Sunday, October 17, 2010

Acorn Squash Salad with Orange Vinaigrette

It is officially October. This is the season for football, scarves and leather boots. Another reason to love autumn?  Squash is starting to make an appearance at your local greenmarket, grocery store or neighborhood bodega. Acorn squash (which will cost under $1.00 in most cases) is easy to make but can get a bit boring if you make it the same time each way. The recipe I'm posting today should help you change up the old squash and butter routine (or introduce you to acorn squash, as the case may be). I learned this recipe while working at a dessert lounge one day, from my manager at the time. It is rumored to have been the saving grace of a restaurant on the brink of bankruptcy. After trying the salad, I believed the story.
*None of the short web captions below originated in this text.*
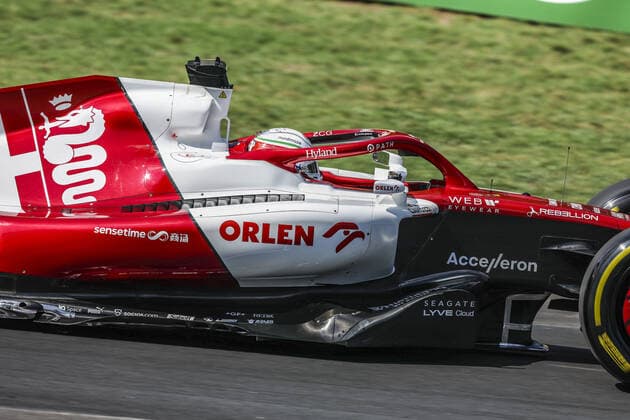 77 BOTTAS Valtteri (fin), Alfa Romeo F1 Team ORLEN C42, action during the Formula 1 Pirelli Gran Premio d™Italia 2022, Italian Grand Prix 2022, 16th round of the 2022 FIA Formula One World Championship, WM, Weltmeisterschaft from September 9 to 11, 2022 on the Autodromo Nazionale di Monza, in Monza, Italy - F1 - ITALIAN GRAND PRIX 2022 DPPI Panoramic  G00D5380
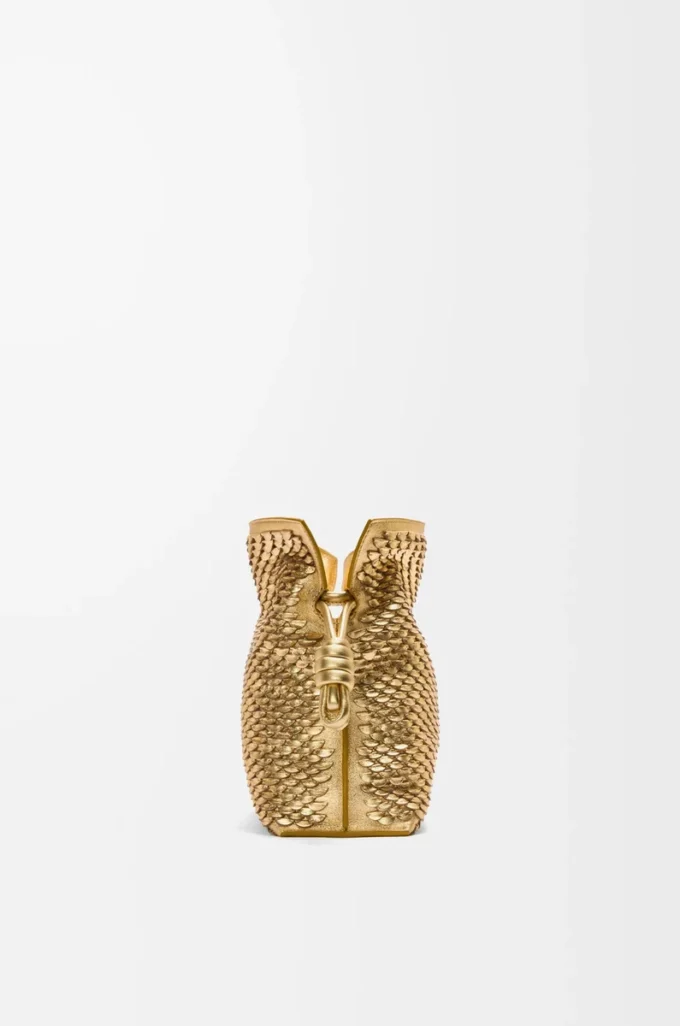 Medium Flamenco-clutch i laminerat lammskinn Gold Medium Flamenco-clutch i laminerat lammskinn Gold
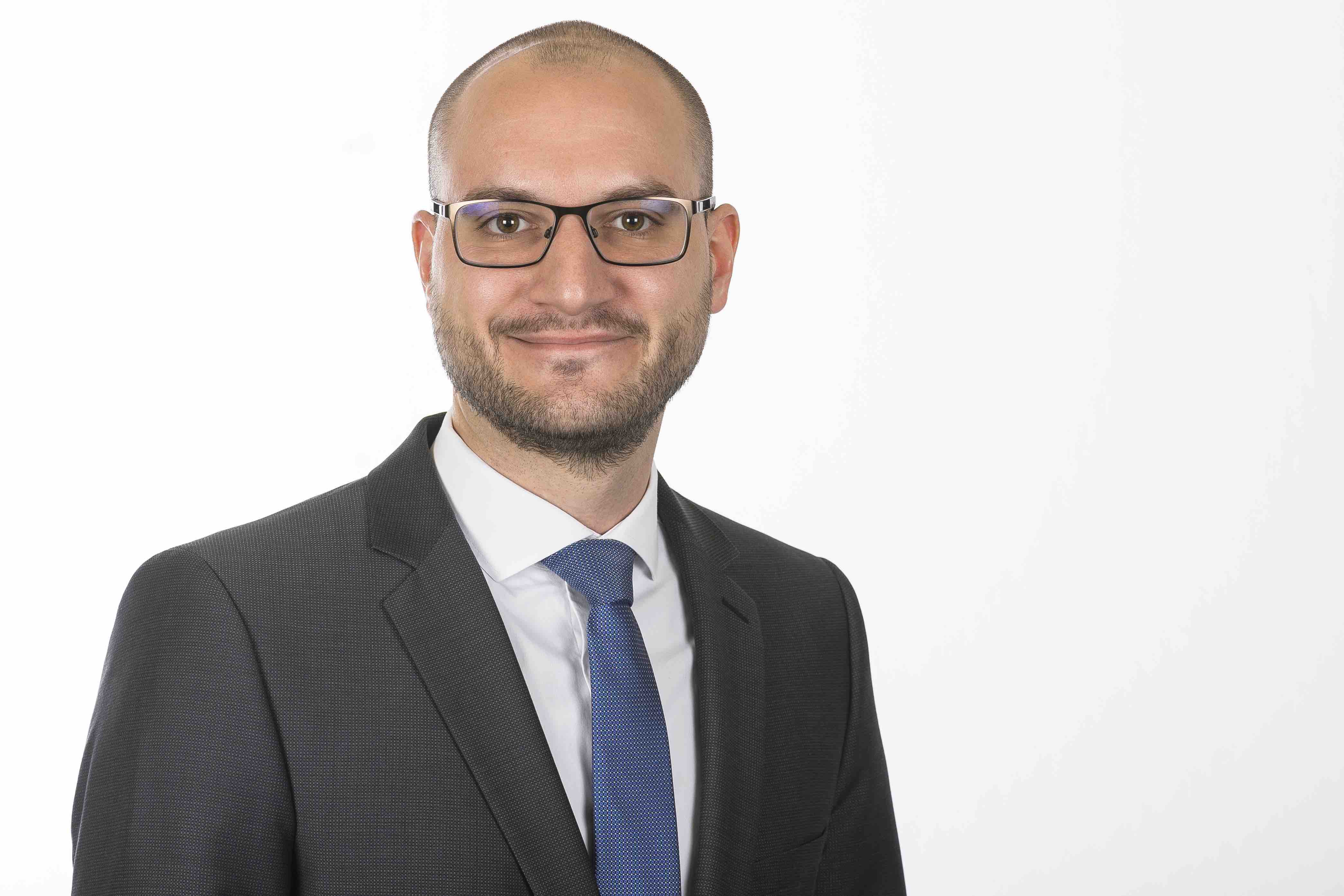 Janosch Neumann ist Rechtsanwalt für Öffentliches Recht bei der Sozietät Heinemann & Partner in Essen.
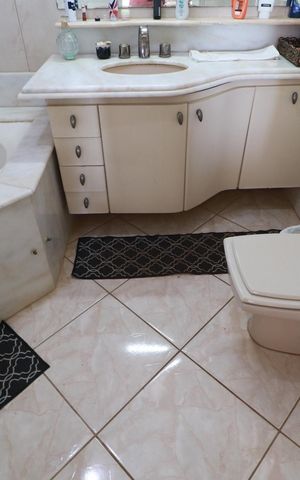Apartamento para alugar com 133m², 3 quartos e 2 vagasBanheiro suite 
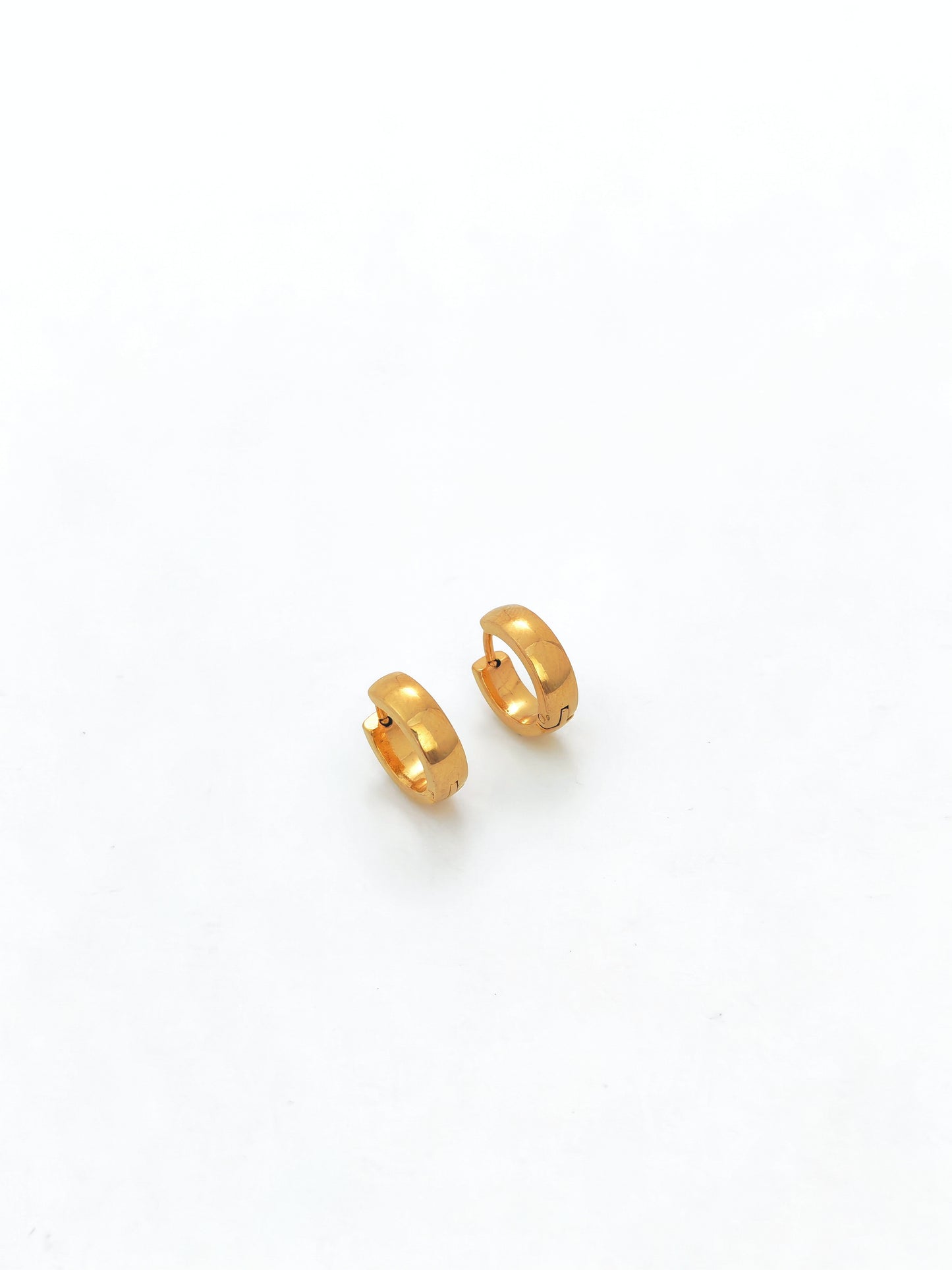 VIOLET HOOP EARRING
I hope you'll enjoy the crispy squash and refreshing citrus flavors it as much as I do.

Acorn Squash Salad with Orange Vinaigrette
Alexandra Rogers 

1 acorn squash, cut into 1/2" pieces
2 Tablespoons of olive oil
1/2 teaspoon salt
1/4 teaspoon pepper
1/2 teaspoon ground cumin
a dash of cayenne
1/4 cup pistachios or pine nuts (lightly toasted)
4 cups of mixed baby greens

{Orange Vinaigrette}
1/3 cup orange juice
1 tablespoon Dijon mustard
1/4 cup olive or vegetable oil, or a combination
salt and freshly ground black pepper

Preheat oven to  350ºF.

Mix the cut up acorn squash, olive oil and spices together in a bowl. Lightly coat all squash pieces and place in a baking pan in one layer (make sure to use a baking pan with edges that prevent the oil from spilling out into the oven during the baking process). Cook for 25 minutes until the squash is easily pierced with a fork. Turn oven from bake to broil and broil squash pieces for about 3 minutes per side, or until the pieces are browned and crispy. Remove squash pieces from oven and lay out on a paper towel lined baking sheet or plate to soak up any extra oil.

Lightly toast pine nuts or pistachio nuts in a small pan on medium heat for about 4-5 minutes. Do not use any oil.

In a serving dish, layer washed and dried mixed baby greens, squash pieces and toasted pistachios (or pine nuts). Serve with Orange Vinaigrette or simply squeeze an orange's juice over the salad. 

{Orange Vinaigrette}
Combine all ingredients in a jar or Tupperware container and shake vigorously. Use as much as you like (I prefer a light amount of dressing, to start) to top the acorn squash salad.


  1. I think this recipe looks incredible. I will totall try it when I have a chance. I am making a food blog myself and as soon as i get it going I will let you know:)


  2. This salad sounds fabulous! I've usually got all the ingredients on hand on a regular basis during the fall so I'll definitely be trying this one out!

  3. Thank you, Peggy! This weekend I'm going to experiment with it a bit, to figure out how to make the squash pieces a little crisper on the outside--I'll definitely update the recipe with my findings. Thanks for reading!

  4. I've decided--using butternut squash for this would not be bad--easier to peel and just as tasty.